Üç Avustralyalı araştırmacılardan oluşan bir ekip, dünyanın en hassas radyo teleskoplarından birini kullanarak Samanyolu'nun kalbinde uzaylı avına çıktı. 2020'nin sonlarında, uzaylı tekno-izlerini dinleyerek kulaklarını galaktik merkeze çevirdiler. Görüş alanlarında bilinen 144 ötegezegen ve potansiyel olarak milyarlarca yıldız bulunuyordu.
Ancak yedi saatten uzun bir süre boyunca gökyüzünü dinledikten sonra, uzaylıya benzeyen hiçbir şey bulamadıklarını söylüyorlar.
Arayış, Batı Avustralya çölüne yerleştirilmiş 4.096 örümcek benzeri anten ağından oluşan Murchison Widefield Array kullanılarak gerçekleştirildi. 256 karo halinde düzenlenmiş antenler, uzaydan düşük frekanslı radyo dalgalarını izleyebiliyor. Daha da önemlisi, dizinin geniş bir görüş alanına sahip olması, araştırmacıların uzayın devasa bir kısmında tekno-izleri (akıllı yaşam tarafından yayınlanan sinyalleri) dinleyebilecekleri anlamına geliyor.
Publications of the Astronomical Society of Australia dergisinde yayınlanmak üzere kabul edilen yeni bir makale, işte bu arayışı anlatılıyor.
Ekip, uzaylı sinyallerini aramak için MWA'yı ilk defa kullanmadı. Daha önce 2020'de kozmosun karanlık ormanını MWA kullanarak inceleyerek 10 milyondan fazla yıldızı analiz etmişlerdi, 2013'te galaktik merkezi incelemişlerdi ve 2018'de Orion Bulutsusu'na doğru bir arama gerçekleştirmişlerdi. Bu üç incelemede de hiçbir uzaylı sesi duyulmadı.
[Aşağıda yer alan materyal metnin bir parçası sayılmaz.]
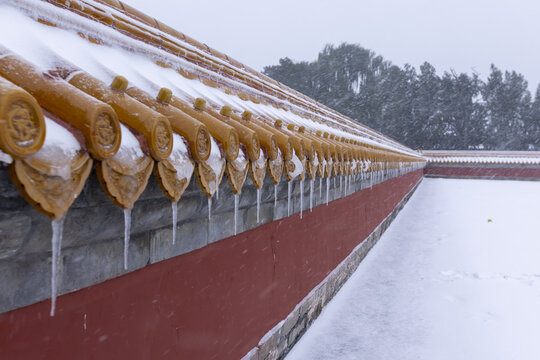 Red wall eaves and icicles in Beijing Ditan Park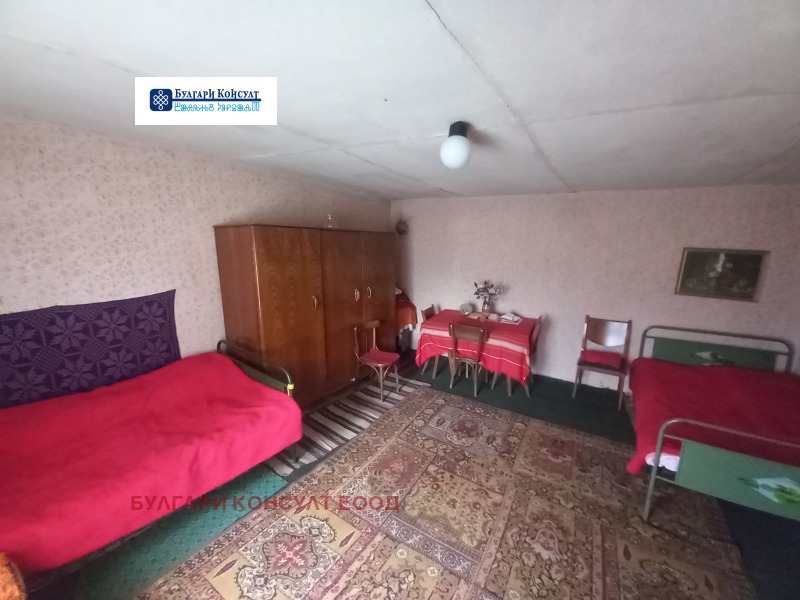 Продава  Къща област Кюстендил , с. Горна Брестница , 83 кв.м | 59554589 - изображение [8]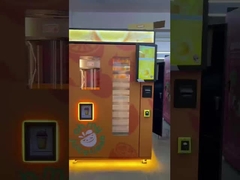 Une machine à jus d'orange
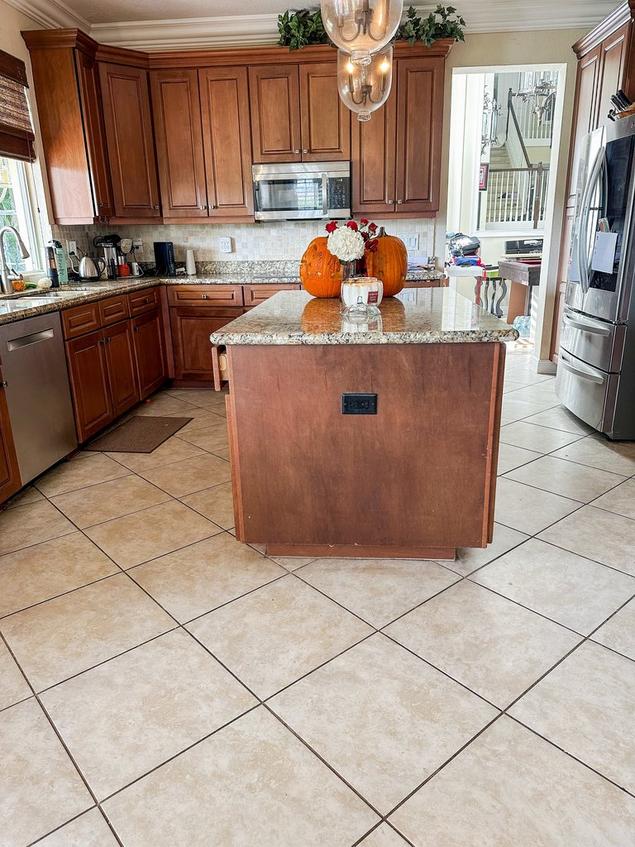 Brooke's kitchen before the remodel.
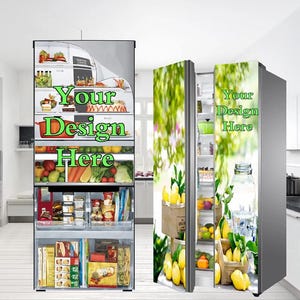 Può includere: Un frigorifero in acciaio inossidabile con due porte. La porta sinistra presenta un design verde e bianco con limoni e un cesto di limoni. La porta destra presenta un design verde e bianco con un barattolo e un cesto di limoni. Il testo "Your Design Here" è presente su entrambe le porte. Il frigorifero è dotato di ripiani e cassetti pieni di cibo.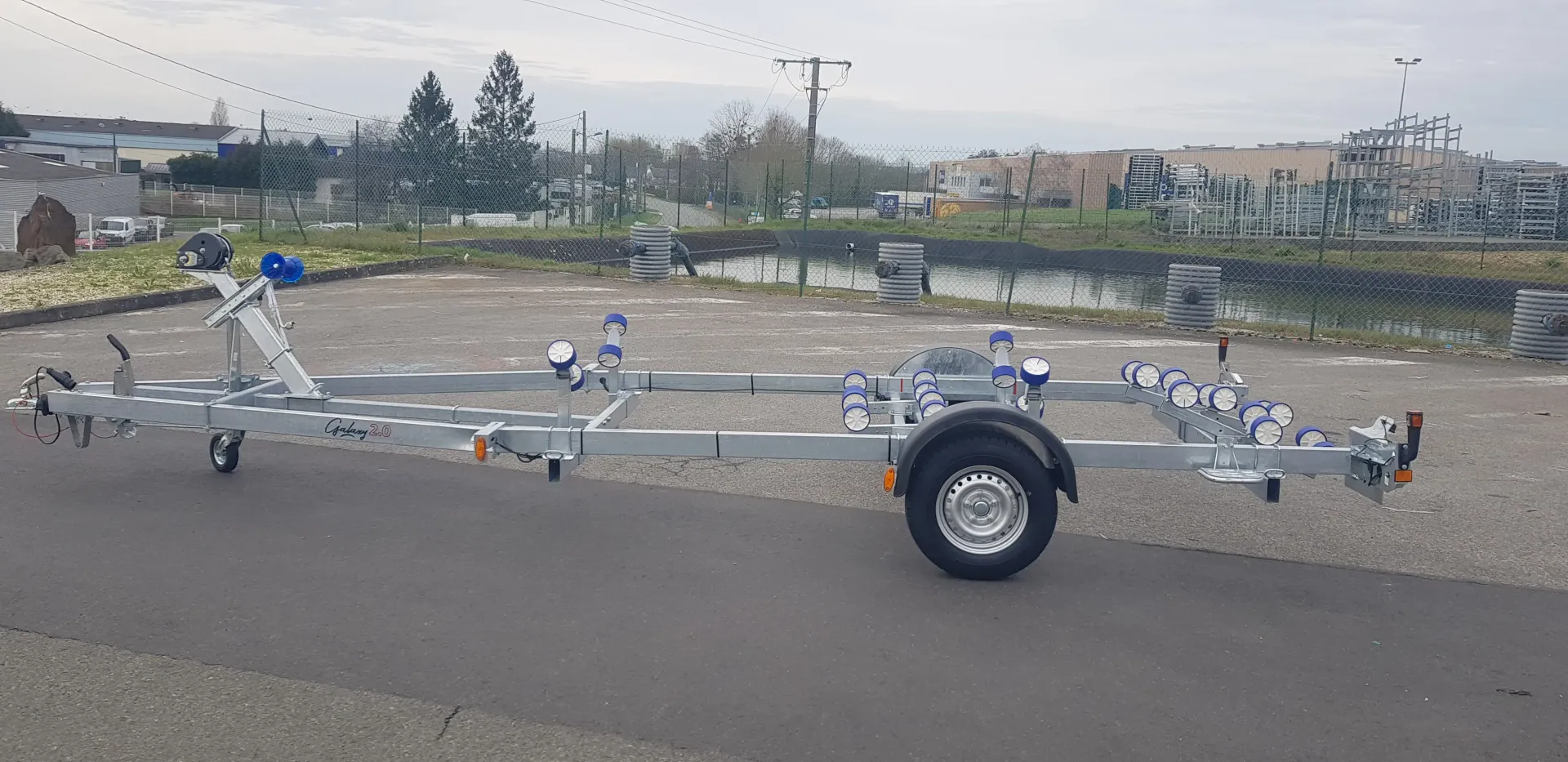 Remolque para puerta de barco Sun way ge13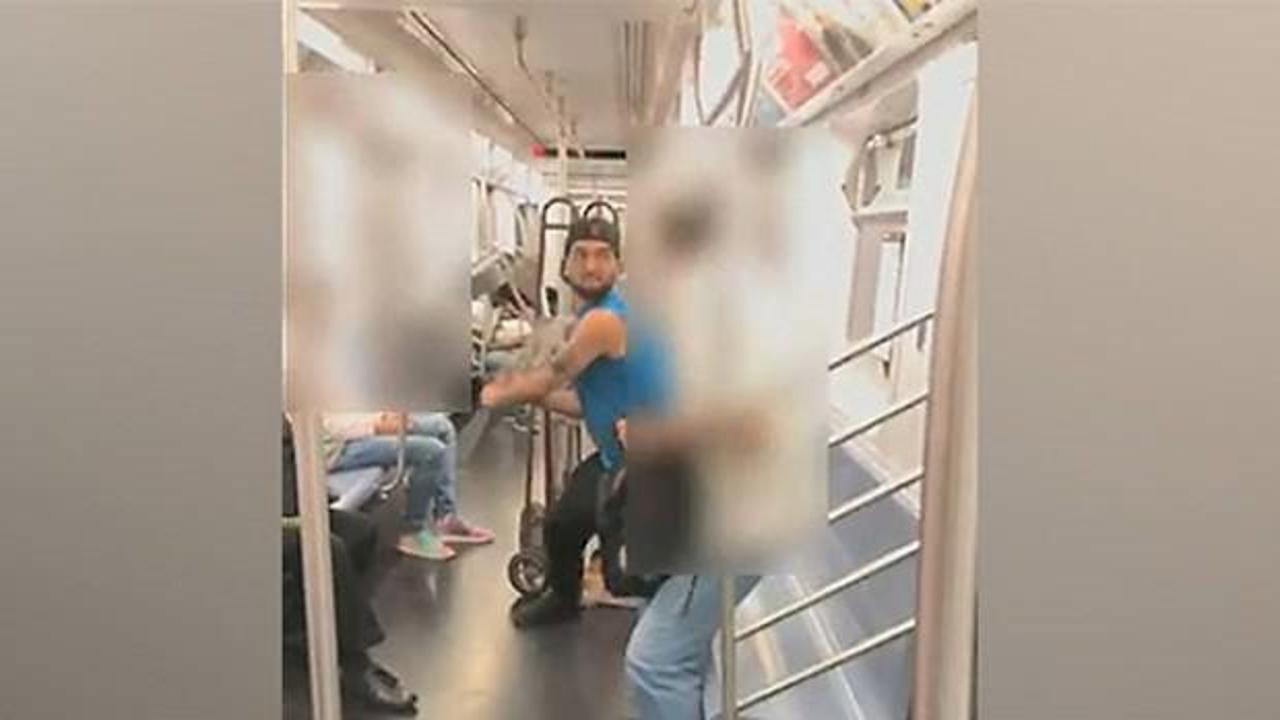 Metroda yaşlı adamı demir sopayla dövdü
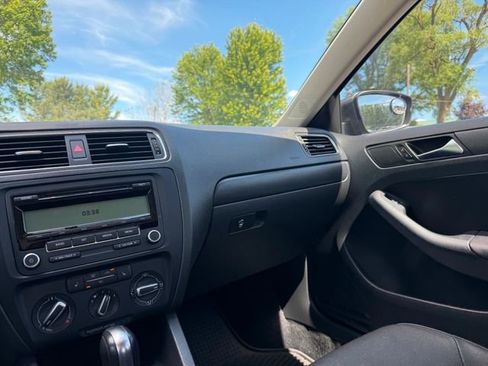 Used 2011 Volkswagen Jetta SE FWD image 10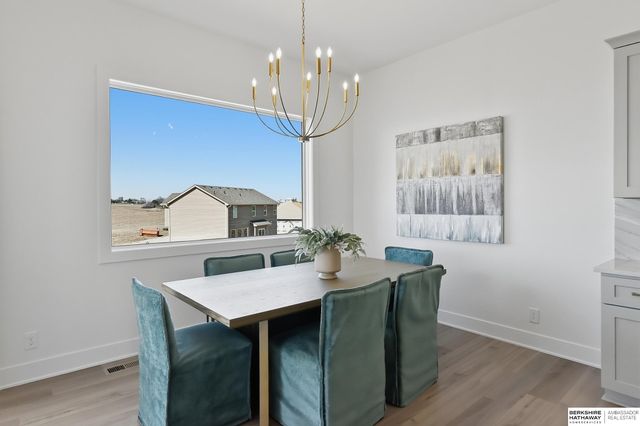 6208 N 209th Street, Elkhorn, NE 68022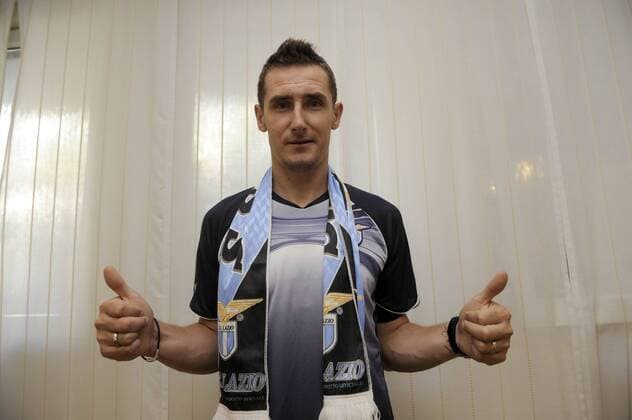 Miroslav Klose präsentiert den Schal seines neuen Vereins Lazio Rom marcoxrosi o0 Objekte Fanschal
Ancak, California'daki SETI Enstitüsü araştırmacısı ve yeni makalenin başyazarı Chenoa Tremblay tarafından söylenene göre, yeni araştırma birkaç temel açıdan farklılık gösteriyor. 2013'te galaktik merkezde yapılan önceki aramada yalnızca 38 bilinen ötegezegen bulunurken, yeni arama 144 ötegezegeni içeriyordu. Tremblay, "Bu, MWA ile yaptığımız dört araştırma içinde bilinen en büyük ötegezegen nüfusu" diyor.
Galaktik merkez çevresinde yaşam aramak özellikle önemli; çünkü bölge galaksimizdeki en yüksek yıldız yoğunluğunu içeriyor. Yıldızların olduğu yerde, gezegenler olabilir ve gezegenler de uzaylı yaşamı içerebilir.
Yeni arayıştaki yıldız miktarını doğru bir şekilde tahmin etmek zor çünkü galaktik merkezin çok tozlu olabilmesi, araştırmaların görünümünü engelleyerek doğru bir okumayı zorlaştırıyor. Daha önceki aramalar, yıldızların miktarını saymak için Gaia Uzay Gözlemevi'nden alınan verileri kullanmıştı, ancak bu sistem galaktik merkezde kullanılamıyor.
Tremblay, ekibin Galaktik Çekirdek olarak bilinen ve 3,3 milyon yıldızı sınıflandıran farklı bir inceleme kullandığını söylüyor. Ancak inceleme, MWA tarafından incelenen alanın %1'inden daha azını kapsıyor.
Tremblay, "Bu tahmini genişletirsek, galaksimizin merkezine kadar milyarlarca yıldız sistemini kapsıyoruz" diyor.